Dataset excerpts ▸
- Opening Delimiter -

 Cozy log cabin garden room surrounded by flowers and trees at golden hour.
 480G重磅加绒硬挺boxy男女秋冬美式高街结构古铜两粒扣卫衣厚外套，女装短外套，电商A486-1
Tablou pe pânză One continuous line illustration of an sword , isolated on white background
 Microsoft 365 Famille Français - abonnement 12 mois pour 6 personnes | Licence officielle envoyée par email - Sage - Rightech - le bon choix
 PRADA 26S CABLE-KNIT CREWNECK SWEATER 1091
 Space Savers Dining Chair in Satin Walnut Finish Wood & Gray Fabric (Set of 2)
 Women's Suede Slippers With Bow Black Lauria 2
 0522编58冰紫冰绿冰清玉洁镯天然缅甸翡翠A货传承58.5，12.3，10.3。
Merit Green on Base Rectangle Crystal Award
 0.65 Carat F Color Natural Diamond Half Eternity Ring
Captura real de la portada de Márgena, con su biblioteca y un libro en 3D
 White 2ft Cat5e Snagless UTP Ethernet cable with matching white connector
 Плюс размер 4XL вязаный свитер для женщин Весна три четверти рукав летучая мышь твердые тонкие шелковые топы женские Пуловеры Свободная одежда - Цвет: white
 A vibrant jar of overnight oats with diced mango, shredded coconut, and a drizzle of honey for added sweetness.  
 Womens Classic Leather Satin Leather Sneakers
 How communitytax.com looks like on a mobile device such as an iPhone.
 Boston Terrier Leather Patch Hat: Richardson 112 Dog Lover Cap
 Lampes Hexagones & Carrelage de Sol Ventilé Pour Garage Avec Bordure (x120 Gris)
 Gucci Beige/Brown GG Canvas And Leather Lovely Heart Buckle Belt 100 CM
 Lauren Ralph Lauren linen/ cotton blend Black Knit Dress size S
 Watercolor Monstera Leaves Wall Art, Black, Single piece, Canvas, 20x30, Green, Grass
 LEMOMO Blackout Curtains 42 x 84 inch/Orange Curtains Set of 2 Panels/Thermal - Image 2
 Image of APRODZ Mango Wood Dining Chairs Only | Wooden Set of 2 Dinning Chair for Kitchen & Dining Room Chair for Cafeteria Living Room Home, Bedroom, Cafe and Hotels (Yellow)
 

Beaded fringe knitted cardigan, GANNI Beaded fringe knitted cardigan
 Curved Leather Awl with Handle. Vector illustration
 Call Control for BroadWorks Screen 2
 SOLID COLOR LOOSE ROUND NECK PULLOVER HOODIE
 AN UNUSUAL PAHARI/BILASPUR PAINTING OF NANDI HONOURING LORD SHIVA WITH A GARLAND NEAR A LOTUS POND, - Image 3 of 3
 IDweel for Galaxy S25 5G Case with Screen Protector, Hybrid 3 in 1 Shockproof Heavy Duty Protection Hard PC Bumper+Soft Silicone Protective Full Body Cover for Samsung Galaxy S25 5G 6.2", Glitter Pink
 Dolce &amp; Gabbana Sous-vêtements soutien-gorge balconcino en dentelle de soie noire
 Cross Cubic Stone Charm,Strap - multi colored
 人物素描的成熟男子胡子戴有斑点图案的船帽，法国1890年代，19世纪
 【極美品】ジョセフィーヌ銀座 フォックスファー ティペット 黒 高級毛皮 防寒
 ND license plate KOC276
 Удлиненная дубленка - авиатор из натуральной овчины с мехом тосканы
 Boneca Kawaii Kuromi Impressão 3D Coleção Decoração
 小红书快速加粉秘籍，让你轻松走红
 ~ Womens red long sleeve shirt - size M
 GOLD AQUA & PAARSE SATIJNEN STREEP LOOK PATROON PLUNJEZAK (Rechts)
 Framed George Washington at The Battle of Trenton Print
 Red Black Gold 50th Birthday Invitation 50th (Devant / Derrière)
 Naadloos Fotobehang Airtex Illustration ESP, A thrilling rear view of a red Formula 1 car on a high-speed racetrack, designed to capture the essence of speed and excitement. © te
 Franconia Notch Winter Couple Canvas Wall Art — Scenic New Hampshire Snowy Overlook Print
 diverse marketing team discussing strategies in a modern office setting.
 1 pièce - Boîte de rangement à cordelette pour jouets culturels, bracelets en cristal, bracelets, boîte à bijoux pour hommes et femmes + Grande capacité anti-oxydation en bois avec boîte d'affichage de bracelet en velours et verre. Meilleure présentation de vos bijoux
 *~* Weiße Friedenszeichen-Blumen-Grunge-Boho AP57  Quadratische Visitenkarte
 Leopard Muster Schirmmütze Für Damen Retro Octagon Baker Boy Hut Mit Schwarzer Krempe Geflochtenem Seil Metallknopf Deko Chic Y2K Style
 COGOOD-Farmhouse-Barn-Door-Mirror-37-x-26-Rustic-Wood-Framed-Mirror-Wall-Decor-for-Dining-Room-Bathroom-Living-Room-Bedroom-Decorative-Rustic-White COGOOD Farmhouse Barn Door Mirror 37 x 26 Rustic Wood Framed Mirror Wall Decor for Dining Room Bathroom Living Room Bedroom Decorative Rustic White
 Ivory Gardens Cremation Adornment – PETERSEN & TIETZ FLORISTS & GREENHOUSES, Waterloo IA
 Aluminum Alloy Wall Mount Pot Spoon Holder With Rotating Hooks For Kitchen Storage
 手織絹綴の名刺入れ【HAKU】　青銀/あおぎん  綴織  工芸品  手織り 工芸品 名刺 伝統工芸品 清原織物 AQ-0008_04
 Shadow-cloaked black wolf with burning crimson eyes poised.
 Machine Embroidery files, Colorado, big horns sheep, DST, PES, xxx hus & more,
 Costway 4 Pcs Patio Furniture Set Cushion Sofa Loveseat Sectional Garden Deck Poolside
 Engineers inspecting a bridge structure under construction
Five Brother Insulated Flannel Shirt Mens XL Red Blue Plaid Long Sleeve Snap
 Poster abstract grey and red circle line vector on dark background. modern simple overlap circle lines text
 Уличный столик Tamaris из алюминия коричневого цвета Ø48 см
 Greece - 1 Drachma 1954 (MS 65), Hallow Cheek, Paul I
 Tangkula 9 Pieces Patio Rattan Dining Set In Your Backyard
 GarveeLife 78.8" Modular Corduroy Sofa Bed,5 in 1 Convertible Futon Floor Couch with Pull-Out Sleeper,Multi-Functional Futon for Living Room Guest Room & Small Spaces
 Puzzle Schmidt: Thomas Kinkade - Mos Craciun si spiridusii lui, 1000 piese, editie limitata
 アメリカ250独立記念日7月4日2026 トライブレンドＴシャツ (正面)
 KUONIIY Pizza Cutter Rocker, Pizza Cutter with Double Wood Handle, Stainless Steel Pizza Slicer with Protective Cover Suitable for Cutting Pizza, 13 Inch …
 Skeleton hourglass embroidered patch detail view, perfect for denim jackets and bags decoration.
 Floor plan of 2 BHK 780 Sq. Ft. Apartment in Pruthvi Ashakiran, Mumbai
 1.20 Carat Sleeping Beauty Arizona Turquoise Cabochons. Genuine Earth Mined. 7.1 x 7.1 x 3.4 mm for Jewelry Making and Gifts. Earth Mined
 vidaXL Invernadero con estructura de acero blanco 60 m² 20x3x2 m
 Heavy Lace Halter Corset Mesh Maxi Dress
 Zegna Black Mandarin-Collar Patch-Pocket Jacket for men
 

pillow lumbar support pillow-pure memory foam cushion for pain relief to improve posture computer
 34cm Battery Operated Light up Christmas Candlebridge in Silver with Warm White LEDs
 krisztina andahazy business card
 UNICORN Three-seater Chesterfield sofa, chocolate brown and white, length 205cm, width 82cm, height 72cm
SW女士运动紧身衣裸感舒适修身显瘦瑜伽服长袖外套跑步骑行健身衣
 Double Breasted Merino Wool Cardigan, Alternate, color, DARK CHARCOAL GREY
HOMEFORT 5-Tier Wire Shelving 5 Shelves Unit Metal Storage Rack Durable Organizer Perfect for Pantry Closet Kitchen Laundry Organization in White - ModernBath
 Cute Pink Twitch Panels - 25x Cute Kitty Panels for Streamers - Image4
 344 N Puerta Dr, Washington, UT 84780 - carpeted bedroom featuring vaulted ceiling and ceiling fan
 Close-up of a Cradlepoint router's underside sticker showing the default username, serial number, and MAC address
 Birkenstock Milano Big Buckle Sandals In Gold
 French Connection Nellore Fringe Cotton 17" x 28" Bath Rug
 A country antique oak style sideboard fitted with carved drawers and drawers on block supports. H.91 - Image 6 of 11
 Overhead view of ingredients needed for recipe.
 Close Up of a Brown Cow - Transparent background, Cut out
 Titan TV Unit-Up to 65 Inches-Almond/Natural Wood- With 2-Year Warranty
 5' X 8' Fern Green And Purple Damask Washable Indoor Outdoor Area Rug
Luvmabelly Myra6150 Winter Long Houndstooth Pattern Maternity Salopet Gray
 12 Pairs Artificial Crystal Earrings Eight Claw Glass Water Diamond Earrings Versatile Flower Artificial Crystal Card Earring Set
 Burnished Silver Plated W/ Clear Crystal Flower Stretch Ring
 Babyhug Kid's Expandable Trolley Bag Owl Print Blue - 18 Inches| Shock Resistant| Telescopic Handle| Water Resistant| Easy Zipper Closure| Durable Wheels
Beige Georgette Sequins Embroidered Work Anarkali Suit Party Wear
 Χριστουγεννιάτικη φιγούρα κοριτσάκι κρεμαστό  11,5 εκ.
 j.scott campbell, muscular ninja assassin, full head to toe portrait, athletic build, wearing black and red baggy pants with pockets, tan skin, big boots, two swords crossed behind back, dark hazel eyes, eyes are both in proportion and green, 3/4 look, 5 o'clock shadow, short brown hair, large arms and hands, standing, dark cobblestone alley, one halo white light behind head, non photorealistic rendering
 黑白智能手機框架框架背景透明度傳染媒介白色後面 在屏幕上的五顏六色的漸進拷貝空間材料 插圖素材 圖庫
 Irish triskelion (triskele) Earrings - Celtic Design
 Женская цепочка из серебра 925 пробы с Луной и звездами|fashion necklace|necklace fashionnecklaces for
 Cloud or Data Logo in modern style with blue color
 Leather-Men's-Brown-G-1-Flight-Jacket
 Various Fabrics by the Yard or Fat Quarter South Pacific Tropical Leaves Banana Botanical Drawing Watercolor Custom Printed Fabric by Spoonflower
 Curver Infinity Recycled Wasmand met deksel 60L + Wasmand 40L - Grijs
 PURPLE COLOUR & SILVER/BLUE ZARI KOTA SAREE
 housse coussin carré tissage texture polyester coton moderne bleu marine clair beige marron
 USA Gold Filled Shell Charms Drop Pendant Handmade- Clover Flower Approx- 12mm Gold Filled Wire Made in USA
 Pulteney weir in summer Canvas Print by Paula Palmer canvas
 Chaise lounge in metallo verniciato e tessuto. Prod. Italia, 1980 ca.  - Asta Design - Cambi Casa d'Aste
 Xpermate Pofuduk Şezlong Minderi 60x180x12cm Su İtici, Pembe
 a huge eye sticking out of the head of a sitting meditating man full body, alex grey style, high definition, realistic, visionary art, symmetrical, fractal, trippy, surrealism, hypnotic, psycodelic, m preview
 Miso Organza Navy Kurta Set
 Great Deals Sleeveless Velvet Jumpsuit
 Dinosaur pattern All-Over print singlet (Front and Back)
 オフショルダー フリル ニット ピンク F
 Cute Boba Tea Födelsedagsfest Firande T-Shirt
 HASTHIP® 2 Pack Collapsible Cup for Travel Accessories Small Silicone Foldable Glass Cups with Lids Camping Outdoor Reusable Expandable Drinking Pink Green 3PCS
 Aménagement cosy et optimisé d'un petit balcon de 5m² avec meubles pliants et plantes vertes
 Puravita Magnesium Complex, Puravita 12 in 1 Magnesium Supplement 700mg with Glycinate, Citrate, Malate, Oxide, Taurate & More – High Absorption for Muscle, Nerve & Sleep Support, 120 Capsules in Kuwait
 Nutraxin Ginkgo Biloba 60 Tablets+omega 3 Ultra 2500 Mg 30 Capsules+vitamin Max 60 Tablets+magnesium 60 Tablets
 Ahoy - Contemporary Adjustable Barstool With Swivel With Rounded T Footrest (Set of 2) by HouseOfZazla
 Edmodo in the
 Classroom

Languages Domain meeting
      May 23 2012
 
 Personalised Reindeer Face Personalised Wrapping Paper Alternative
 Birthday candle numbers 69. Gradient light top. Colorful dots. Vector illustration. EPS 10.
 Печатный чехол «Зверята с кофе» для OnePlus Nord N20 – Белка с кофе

- Closing Delimiter -

ABOUT THIS TASK ▸ Wherever a line above contains the string "Winter", copy that line.

SOLUTION FOR THIS EXERCISE ▸
 Franconia Notch Winter Couple Canvas Wall Art — Scenic New Hampshire Snowy Overlook Print
Luvmabelly Myra6150 Winter Long Houndstooth Pattern Maternity Salopet Gray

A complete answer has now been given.